Copy out precisely the lines from the start of the data through the line with "プリウス DAA-ZVW30 クーラーコンデンサー 88460-47150", and keep pictures out of it.

Image-caption web data:
......

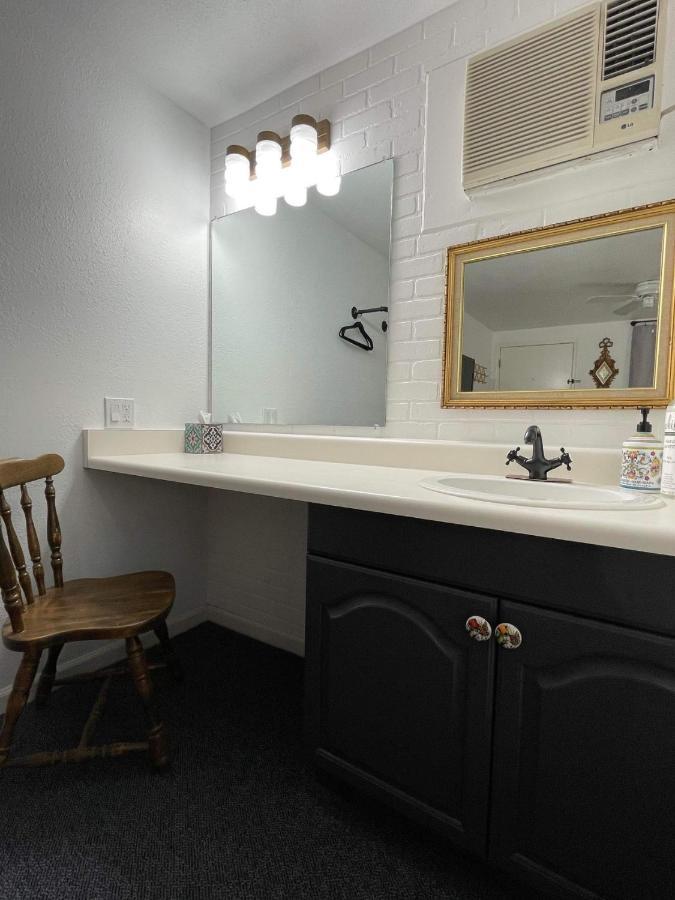 The Aztec Motel & Creative Space Seligman Bagian luar foto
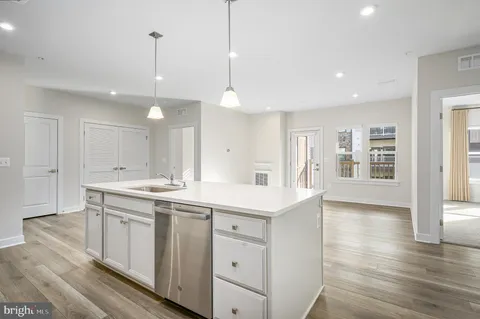 $485,000 | 46294 Mount Milstead Terrace, Unit 303, Sterling, VA 20164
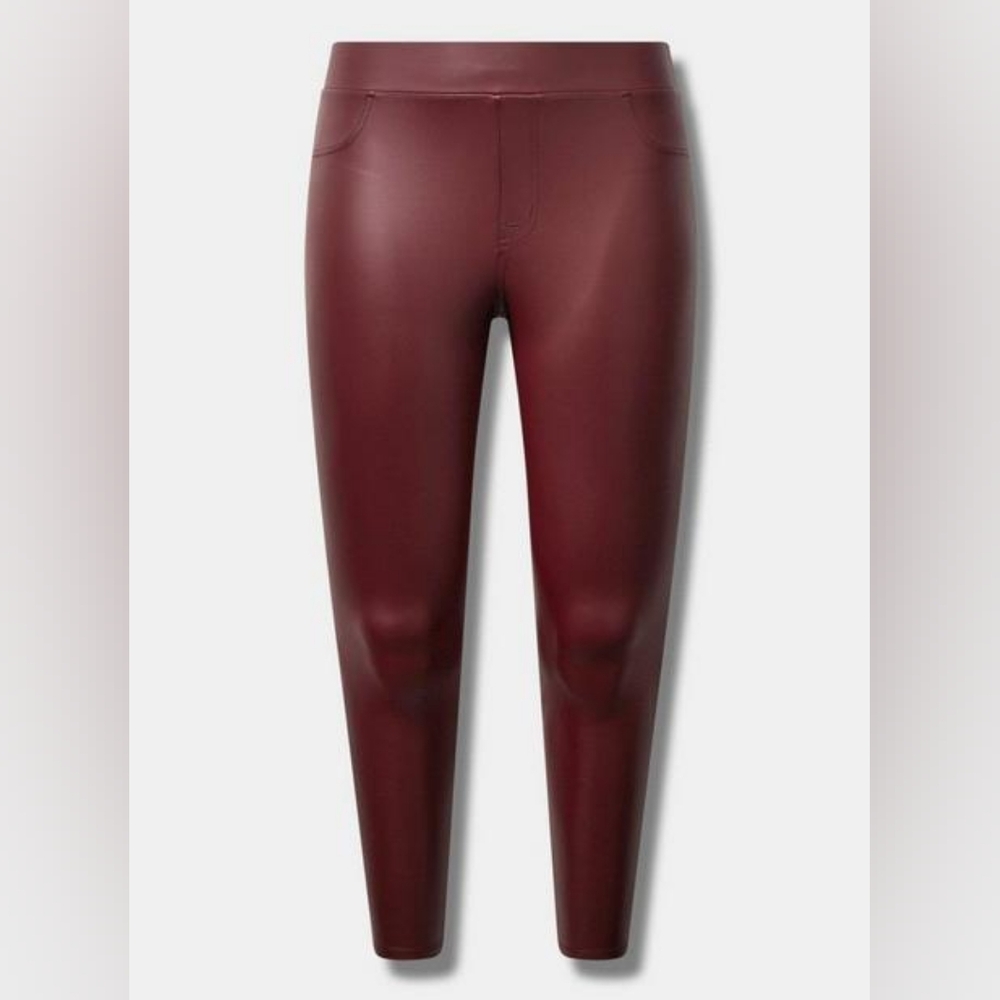 🆕 Torrid Faux Leather Leggings (Torrid 3)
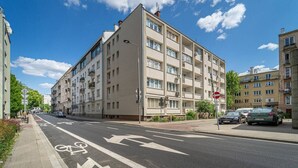Un edificio residenziale a più piani con facciata piatta, ampie finestre e balconi.
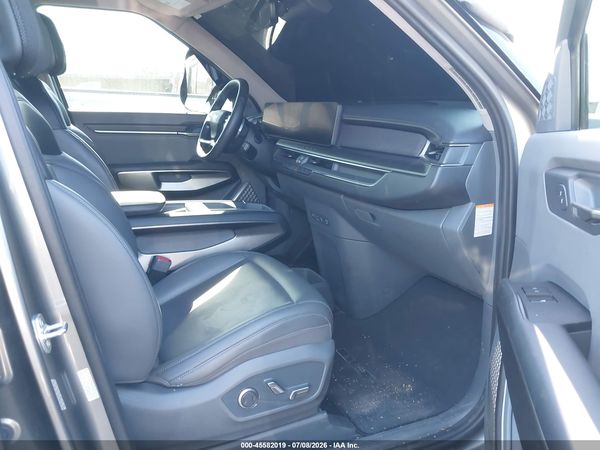 2024 KIA EV9 LIGHT LONG RANGE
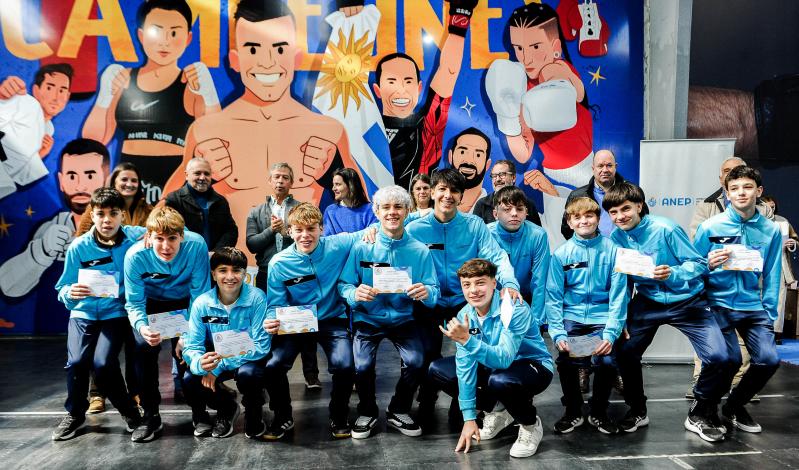 Estudiantes reconocidos por su participación en la XXVIII edición de los Juegos Sudamericanos Escolares
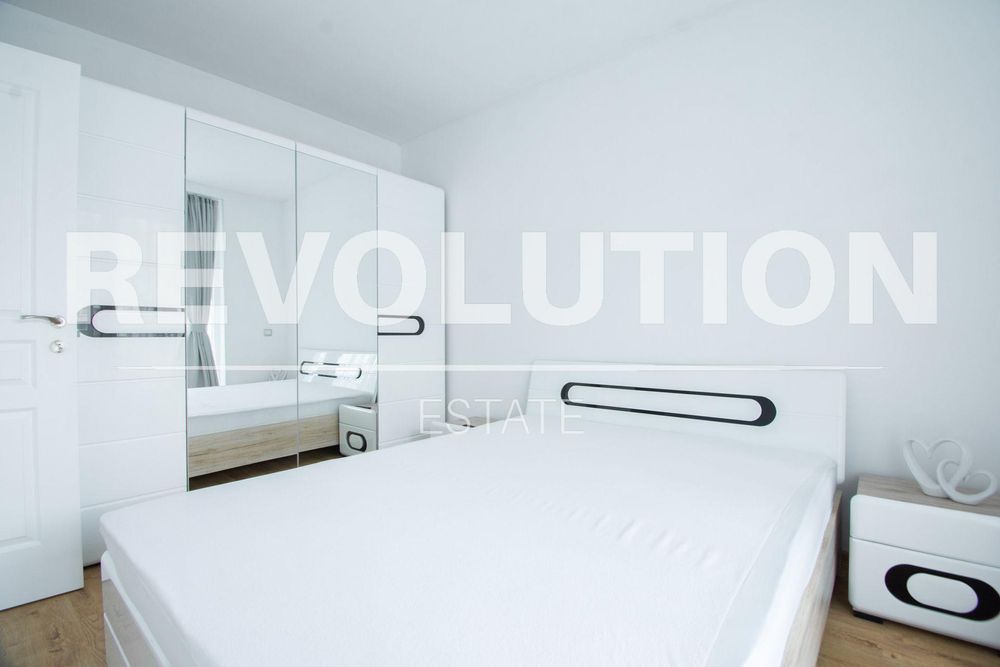 Двустаен апартамент в ж.к. Банишора.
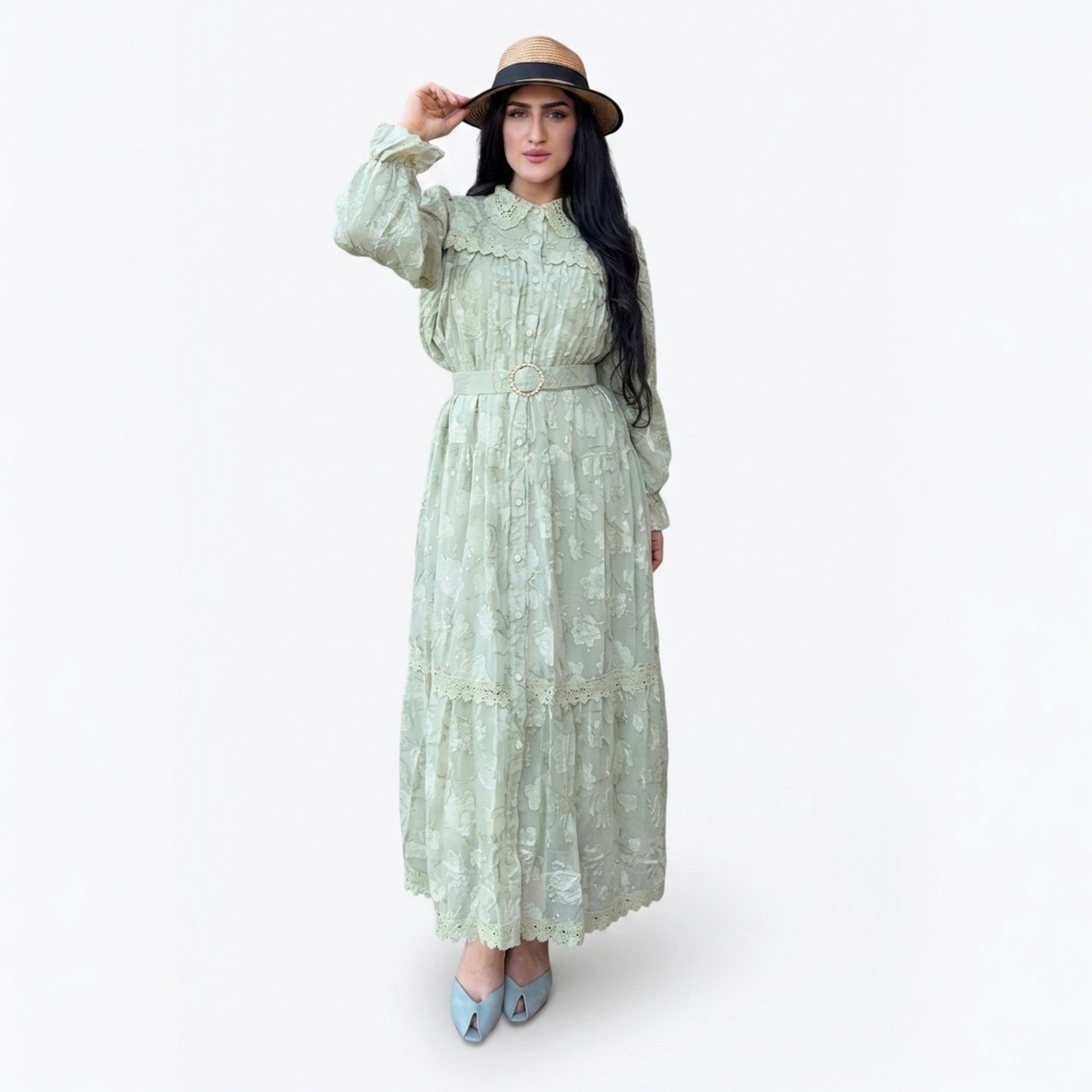 Vestido Largo Camisero con Bordado Floral y Detalles de Encaje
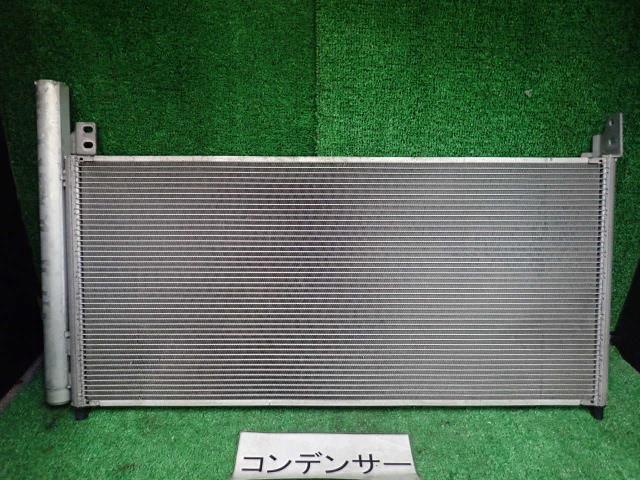 プリウス DAA-ZVW30 クーラーコンデンサー 88460-47150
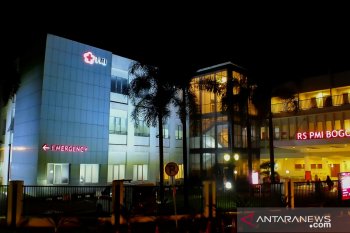 Lima pekerja terluka karena tertimpa runtuhan dinding ruko di Bogor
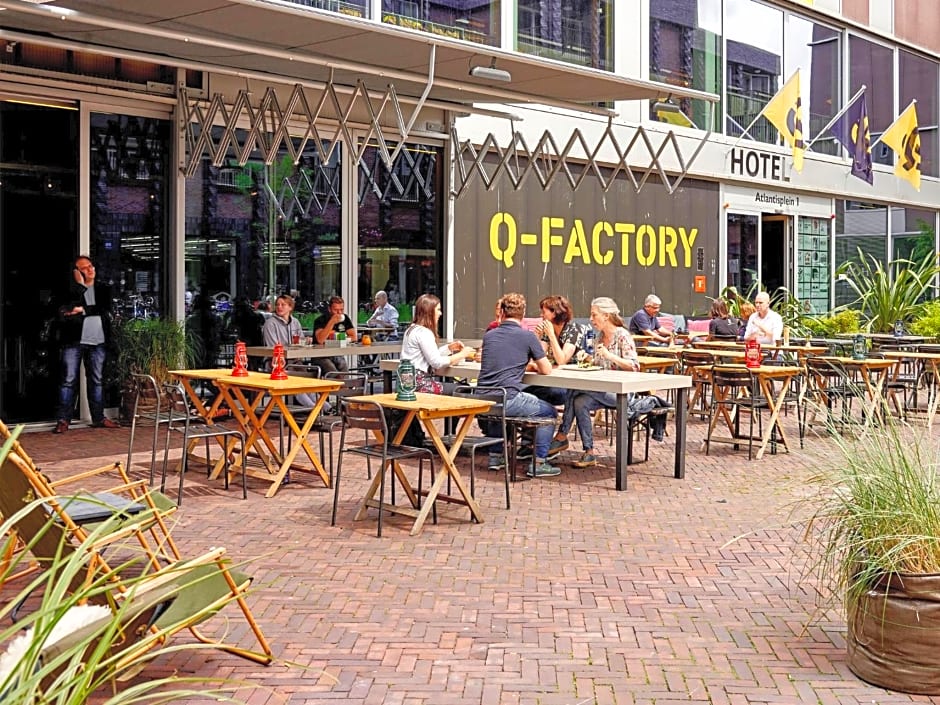 Q-Factory Hotel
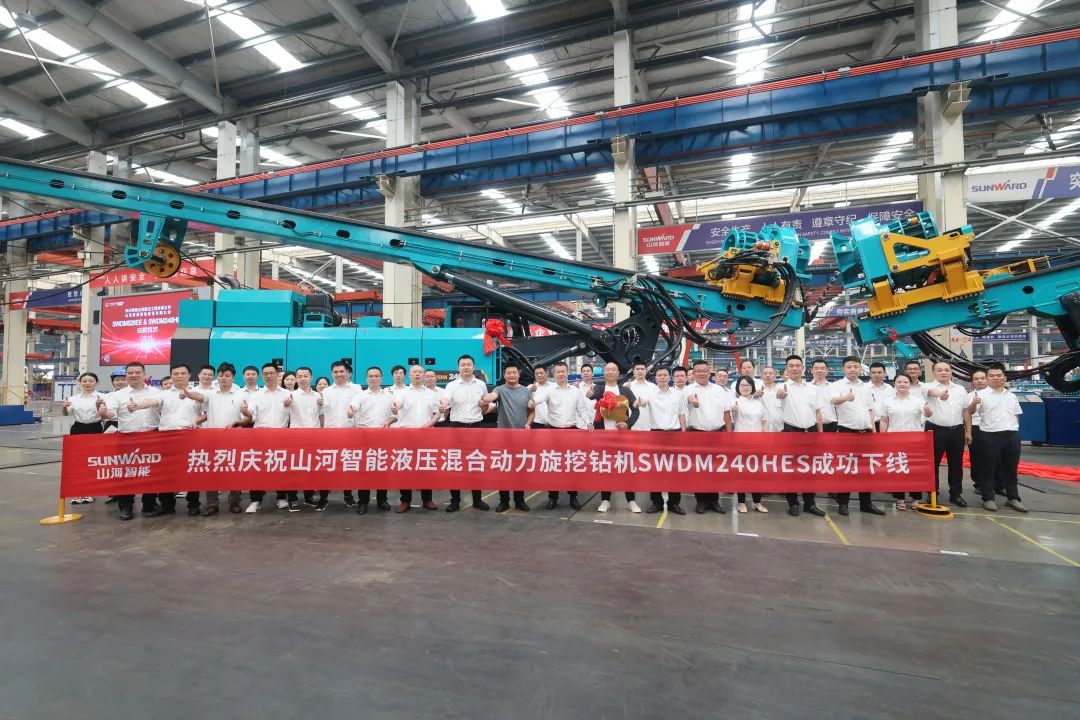 助力“双碳”、绿动未来！江南网页版智能增程式电动旋挖钻机、液压混合动力旋挖钻机齐交付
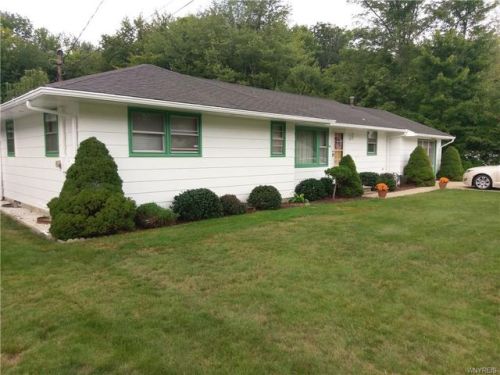821 Beach Rd, Angola NY  14006-8827 exterior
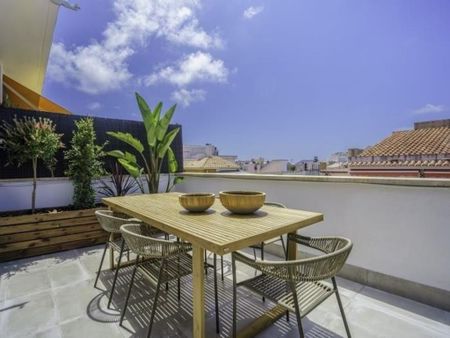 2 bedroom luxury penthouse for rent in Sitges, Spain - Photo 2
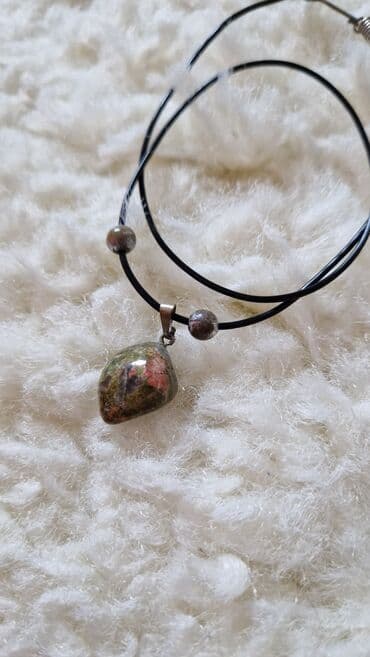 crne torbice sa lancem: Ogrlica sa priveskom, Handmade — 4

......

EXERCISE RESPONSE:
 The Aztec Motel & Creative Space Seligman Bagian luar foto
 $485,000 | 46294 Mount Milstead Terrace, Unit 303, Sterling, VA 20164
 🆕 Torrid Faux Leather Leggings (Torrid 3)
Un edificio residenziale a più piani con facciata piatta, ampie finestre e balconi.
 2024 KIA EV9 LIGHT LONG RANGE
 Estudiantes reconocidos por su participación en la XXVIII edición de los Juegos Sudamericanos Escolares
 Двустаен апартамент в ж.к. Банишора.
 Vestido Largo Camisero con Bordado Floral y Detalles de Encaje
 プリウス DAA-ZVW30 クーラーコンデンサー 88460-47150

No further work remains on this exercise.